(Adminstrivia: relation to CS276, CS261; office hours; workload; etc.)
How to break simple substitution ciphers:
- Frequency analysis.
(e has prob. 0.12, t,a,o,i,n,s,h,r has 0.06-0.09, d,l 0.04,
c,u,m,w,f,g,y,p,b 0.015-0.028, v,k,j,x,q,z < 0.01)
- Digraph analysis
(most common: th, he, in, er, an, re, ed, on, es, st, en, at,
to, nt, ha, nd, ou, ea, ng, as, or, ti, is, et, it, ar, te, se, hi,
of (in order))
- Trigraphs
(the, ing, and, her, ere, ent, tha, nth, was, eth, for, dth)
- Word patterns
(e.g., WXYYXYYXZZX probably corresponds to MISSISSIPI)
- Probable plaintext
(e.g., pick the word "mathematics" and drag it through the ciphertext)
- Vowel-consonant contacts
(the low-frequency things are probably consonants; vowels
contact them a lot; and you can iterate)
Q: relate this to Hidden Markov models
do not worry about your difficulties in mathematics.
i assure you that mine are greater. - albert einstein
kt vtx ztrra pltex ater kuiiuoeyxumd uv gpxnmgpxuod.
u pdderm ate xnpx guvm prm jrmpxmr. - pylmrx muvdxmuv
abcdefghijklmnopqrstuvwxyz ykqsupmjfgdbehcazrvoinxtlw
plokmijnuhbygvtfcrdxeszwaq abcdefghijklmnopqrstuvwxyz
above ciphertext has 86 letters, in total
frequency analysis of above ciphertext:
10: x m 5: v e d
9: u 3: g a
8: r p 2: y o n l k i
6: t 1: z j
digraph analysis of above ciphertext:
4: uv px 3: te rm
2: xu xn xm uo mu mr gp er at
trigraph analysis of above ciphertext:
2: gpx muv ate
word patterns:
kuiiuoeyxumd: difficulties missionaries
gpxnmgpxuod: amalgamated amalgamates mathematics
u: a i
How to break polyalphabetic substitution (extended Vigenere) ciphers:
- Determine the period
- Kasiski's method: repeated plaintext trigraphs leak through
into ciphertext; look for distances between repeated segments,
and take gcd (use method to account for accidental repeats)
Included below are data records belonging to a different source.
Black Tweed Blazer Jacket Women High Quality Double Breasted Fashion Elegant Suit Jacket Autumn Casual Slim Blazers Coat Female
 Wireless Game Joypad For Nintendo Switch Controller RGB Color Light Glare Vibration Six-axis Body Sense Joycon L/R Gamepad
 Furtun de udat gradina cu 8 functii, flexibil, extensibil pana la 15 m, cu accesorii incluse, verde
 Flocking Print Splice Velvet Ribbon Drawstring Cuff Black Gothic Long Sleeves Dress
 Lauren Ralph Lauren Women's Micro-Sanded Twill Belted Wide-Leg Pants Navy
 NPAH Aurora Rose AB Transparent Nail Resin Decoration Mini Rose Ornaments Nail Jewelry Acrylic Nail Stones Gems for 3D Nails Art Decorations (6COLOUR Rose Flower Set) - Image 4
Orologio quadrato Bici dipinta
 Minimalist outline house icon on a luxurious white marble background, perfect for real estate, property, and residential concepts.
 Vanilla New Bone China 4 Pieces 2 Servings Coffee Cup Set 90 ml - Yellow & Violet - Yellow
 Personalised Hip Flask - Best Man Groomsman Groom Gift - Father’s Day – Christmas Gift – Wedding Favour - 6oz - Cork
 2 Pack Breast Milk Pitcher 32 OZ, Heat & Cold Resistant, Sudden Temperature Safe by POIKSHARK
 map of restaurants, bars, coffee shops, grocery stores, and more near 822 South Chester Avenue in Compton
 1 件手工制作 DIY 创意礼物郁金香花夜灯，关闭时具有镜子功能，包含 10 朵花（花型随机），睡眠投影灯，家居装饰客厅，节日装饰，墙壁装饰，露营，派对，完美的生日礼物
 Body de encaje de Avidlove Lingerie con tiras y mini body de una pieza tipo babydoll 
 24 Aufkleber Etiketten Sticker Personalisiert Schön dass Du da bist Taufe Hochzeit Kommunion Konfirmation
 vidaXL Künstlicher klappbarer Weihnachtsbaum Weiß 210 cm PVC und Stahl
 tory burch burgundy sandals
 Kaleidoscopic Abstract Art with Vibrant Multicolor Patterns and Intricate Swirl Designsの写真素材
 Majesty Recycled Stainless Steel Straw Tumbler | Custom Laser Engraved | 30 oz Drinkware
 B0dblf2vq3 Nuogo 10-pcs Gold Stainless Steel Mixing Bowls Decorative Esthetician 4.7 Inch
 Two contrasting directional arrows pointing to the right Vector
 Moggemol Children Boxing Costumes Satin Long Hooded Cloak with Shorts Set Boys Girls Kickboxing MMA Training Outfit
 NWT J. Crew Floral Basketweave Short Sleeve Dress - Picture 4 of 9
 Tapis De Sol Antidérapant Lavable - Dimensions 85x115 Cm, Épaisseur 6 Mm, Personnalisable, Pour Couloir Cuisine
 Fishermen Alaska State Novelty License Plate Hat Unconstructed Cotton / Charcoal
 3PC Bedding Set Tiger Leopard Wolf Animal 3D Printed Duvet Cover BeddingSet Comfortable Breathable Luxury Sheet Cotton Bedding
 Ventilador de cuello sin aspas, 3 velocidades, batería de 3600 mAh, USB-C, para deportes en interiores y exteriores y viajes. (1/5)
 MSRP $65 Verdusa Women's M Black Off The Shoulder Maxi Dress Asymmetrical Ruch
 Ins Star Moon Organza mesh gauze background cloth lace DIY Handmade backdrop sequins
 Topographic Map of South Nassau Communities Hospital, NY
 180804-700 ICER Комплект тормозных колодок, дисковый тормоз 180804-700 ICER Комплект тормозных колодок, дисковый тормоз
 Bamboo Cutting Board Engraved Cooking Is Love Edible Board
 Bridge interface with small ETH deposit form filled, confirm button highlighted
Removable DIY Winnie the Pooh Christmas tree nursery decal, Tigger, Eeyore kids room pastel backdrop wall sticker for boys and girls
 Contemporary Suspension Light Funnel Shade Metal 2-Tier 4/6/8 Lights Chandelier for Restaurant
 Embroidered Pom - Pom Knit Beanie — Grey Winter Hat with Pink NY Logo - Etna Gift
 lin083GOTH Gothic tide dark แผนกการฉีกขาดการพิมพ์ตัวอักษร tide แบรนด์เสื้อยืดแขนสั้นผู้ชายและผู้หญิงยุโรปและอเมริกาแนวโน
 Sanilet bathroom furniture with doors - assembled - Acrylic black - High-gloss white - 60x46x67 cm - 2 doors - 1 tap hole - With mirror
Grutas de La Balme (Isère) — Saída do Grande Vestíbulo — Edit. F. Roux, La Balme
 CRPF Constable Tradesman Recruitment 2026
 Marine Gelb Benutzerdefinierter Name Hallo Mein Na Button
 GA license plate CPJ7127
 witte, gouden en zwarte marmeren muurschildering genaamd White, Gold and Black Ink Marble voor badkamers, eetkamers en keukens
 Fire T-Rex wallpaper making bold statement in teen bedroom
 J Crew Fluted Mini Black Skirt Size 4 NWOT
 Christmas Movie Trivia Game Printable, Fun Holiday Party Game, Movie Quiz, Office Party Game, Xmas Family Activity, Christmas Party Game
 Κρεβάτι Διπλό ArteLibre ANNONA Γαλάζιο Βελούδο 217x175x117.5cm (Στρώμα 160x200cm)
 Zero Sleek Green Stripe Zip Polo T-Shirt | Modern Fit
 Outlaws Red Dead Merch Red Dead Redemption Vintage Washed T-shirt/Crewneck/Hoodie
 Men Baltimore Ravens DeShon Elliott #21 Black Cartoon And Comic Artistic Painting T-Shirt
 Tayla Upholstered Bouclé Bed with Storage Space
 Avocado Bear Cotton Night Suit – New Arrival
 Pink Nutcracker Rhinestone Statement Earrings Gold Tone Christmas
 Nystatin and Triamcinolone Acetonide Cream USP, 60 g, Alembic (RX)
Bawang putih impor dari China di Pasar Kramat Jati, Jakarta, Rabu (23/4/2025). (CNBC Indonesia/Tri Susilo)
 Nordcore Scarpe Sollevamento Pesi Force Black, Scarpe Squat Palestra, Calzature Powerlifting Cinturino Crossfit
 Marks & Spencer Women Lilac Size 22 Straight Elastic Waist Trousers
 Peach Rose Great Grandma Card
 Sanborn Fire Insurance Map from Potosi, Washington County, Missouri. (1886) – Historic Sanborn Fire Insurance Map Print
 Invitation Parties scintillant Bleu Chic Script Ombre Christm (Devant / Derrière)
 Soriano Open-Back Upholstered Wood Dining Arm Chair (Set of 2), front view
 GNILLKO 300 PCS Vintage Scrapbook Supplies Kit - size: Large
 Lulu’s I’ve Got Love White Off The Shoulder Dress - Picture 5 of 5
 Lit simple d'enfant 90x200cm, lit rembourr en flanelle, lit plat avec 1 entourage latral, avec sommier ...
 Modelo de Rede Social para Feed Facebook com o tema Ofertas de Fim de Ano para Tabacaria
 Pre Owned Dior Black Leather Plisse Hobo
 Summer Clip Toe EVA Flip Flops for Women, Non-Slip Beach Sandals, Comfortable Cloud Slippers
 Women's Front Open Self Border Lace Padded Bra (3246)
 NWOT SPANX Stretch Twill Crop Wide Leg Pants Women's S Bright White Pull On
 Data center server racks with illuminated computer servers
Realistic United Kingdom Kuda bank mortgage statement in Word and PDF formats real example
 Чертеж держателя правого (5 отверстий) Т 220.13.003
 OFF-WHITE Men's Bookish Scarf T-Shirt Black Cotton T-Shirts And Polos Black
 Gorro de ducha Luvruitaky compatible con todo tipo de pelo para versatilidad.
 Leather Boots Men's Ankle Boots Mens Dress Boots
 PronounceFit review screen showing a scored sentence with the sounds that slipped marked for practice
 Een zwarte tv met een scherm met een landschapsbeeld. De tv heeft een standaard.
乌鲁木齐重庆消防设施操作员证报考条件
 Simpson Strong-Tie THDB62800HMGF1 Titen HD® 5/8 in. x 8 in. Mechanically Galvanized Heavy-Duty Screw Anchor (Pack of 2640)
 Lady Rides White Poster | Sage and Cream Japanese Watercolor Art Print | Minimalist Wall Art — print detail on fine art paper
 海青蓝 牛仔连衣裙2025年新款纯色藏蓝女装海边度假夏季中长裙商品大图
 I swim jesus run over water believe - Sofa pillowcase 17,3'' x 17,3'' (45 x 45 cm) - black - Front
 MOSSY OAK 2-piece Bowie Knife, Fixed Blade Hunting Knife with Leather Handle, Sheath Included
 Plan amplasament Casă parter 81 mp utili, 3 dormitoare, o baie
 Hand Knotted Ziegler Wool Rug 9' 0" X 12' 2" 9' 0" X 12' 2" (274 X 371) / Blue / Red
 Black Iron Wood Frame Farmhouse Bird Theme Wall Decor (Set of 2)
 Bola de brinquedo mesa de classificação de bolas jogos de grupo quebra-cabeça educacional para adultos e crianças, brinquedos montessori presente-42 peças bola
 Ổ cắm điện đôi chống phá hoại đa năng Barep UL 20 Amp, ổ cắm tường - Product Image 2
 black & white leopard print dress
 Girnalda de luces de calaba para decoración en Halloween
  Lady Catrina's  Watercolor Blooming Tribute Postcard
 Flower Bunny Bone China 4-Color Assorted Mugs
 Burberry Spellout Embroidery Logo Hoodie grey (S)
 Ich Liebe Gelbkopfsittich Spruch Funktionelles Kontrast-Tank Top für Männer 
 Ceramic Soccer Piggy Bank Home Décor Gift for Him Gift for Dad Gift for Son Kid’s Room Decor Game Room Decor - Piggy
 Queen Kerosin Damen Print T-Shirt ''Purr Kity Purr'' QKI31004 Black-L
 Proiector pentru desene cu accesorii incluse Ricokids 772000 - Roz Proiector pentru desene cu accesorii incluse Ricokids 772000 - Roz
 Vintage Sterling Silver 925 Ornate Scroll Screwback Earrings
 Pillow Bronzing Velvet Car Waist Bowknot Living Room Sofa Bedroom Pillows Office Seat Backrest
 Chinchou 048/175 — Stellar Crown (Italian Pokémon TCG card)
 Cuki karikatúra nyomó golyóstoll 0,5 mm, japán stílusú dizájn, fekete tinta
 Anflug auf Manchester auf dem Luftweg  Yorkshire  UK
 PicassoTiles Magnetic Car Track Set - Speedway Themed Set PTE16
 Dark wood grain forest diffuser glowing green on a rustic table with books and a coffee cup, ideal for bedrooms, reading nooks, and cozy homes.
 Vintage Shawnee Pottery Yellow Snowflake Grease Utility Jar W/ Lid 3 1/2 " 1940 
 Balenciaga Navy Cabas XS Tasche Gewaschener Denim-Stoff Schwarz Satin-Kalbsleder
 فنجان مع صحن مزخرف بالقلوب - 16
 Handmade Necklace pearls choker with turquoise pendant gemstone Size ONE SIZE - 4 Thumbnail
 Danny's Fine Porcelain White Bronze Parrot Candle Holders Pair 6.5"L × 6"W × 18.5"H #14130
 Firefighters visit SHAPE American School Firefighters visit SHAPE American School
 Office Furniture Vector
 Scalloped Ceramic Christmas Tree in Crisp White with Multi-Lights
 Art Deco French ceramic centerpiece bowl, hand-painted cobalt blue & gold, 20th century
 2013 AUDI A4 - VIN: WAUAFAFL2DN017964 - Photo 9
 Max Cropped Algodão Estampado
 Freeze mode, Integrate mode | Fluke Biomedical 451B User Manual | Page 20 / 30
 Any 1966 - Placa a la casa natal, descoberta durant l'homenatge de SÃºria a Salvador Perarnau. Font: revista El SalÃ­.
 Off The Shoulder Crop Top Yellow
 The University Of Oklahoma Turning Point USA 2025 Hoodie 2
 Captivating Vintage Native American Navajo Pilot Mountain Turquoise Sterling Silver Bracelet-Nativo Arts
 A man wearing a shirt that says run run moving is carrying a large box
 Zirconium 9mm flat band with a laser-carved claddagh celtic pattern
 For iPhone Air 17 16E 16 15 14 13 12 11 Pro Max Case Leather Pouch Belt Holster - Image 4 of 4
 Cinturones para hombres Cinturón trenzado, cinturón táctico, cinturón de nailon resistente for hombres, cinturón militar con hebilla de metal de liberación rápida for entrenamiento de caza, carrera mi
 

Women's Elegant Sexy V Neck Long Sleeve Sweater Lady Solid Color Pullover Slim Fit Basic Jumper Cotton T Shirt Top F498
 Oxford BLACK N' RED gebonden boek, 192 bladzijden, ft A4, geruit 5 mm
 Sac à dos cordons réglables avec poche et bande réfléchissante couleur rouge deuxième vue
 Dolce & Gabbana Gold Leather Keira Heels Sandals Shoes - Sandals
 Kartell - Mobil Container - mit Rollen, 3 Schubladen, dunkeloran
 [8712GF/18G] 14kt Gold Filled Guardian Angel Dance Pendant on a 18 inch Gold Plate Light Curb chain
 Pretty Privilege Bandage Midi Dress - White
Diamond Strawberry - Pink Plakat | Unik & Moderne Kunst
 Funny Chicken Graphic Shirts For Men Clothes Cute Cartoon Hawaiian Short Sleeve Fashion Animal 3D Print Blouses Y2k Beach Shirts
- Index of Coincidence: see HAC, Stinson
If r.v. X is some text (n characters worth) and i,j are
uniform r.v.'s on {1,..,n}, let f(X) = Pr[X_i = X_j]. Then
f(X) ~ 0.065 if X is a random English text; f(X) = 1/26 ~ 0.038
if X is random white noise; and we can estimate f(X) from a
simple sub. ciphertext x by computing \sum_a p_a^2, where p_a
denotes the fraction of characters of x that are equal to a.
This gives us a test to distinguish between encryptions of
English text and white noise, and so we can guess the period
and use this test to confirm whether our guess is correct.
- Autocorrelation: Compute g(t) = \sum_i 1_{x_i = x_{i+t}};
if the cipher has period t, we expect g(t) to be large
(say, g(t) ~ 0.065 n); otherwise, g(t) should be smaller
(say, g(t) ~ 0.038 n).
- Then, separate into t separate simple substitutions, and
solve each separately, possibly using digraphs to link them
together.
How to break two-time pads:
- Text-xors. Pick a crib, drag it through, extend on both ends.
How to break linear ciphers:
- Linear algebra.
=> Lessons: Types of attack (ciphertext-only, ...);
complexity of attack (data complexity, workfactor, ...)